El gran reto de los demócratas (tan grande que desde antes de una posible transición los cañones de las élites ya apuntan en nuestra dirección) es crear un Estado con menos poder coercitivo ante los ciudadanos, y del que los ciudadanos puedan apropiarse como instrumento, no solo de democracia, sino de desarrollo.  No es fácil, no hay fórmula mágica, y de hecho es –o ha sido, hasta la fecha—nadar contra la corriente delos grandes intereses, pero hay que intentarlo, porque en Nicaragua el maridaje entre atraso económico y autoritarismo no deja alternativa.

¿Qué debe hacer tal Estado?
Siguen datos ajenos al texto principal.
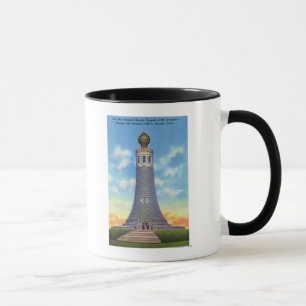 Tasse Vue du sommet du mémorial de guerre d'État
Primeramente, establecer el respeto a los derechos de todos, y eliminar los privilegios de cualquiera.  Esto incluye a los grandes empresarios, tanto como a las “cooperativas” del torcido editorial.

En segundo lugar, llevar a cabo un proyecto redistributivo basado en la educación, el subsidio a las tecnologías y la apertura hacia el mundo.  Que la obsesión nacional sea alcanzar cada vez mayores niveles de instrucción, que todos los recursos que hoy se pierden en militarismo, corrupción y burocracia, en exenciones de impuestos a gente que no las necesita, se inviertan (lista mínima, parcial) en educación tradicional, en expansión de acceso a internet, en becas y subsidios para que los estudiantes destacados se especialicen, dentro y fuera del país, para que se utilicen los métodos de la tecnología moderna y se explote al máximo la posibilidad de instrucción en línea.

Y que la obsesión nacional por la educación sea acompañada por otra: que se vuelquen los recursos de la sociedad a abrir espacios para que los nuevos graduados puedan ejercer su creatividad, para que tengan el entrenamiento y asistencia necesaria para emprender y competir, pero también el apoyo legal para que la discriminación laboral de cualquier tipo no sea obstáculo en sus carreras.

Nada de esto choca con la necesidad de apoyar en el corto plazo a los más pobres.  Todo lo contrario, porque del seno de los más pobres deben salir, necesitamos que salgan, queremos que salgan, muchos de estos nuevos ciudadanos, armados con una educación formal y una autoestima que refleje el consenso de la nueva nación y nuestra convicción colectiva de que no tenemos por qué ser pobres mendicantes, que los grandes talentos de nuestra gente merecen ser aprovechados.  Esto requiere que se apoye a sus familias.  Y requiere, especialmente, que valoremos a cada persona de la sociedad por igual, y como igual: como ciudadano.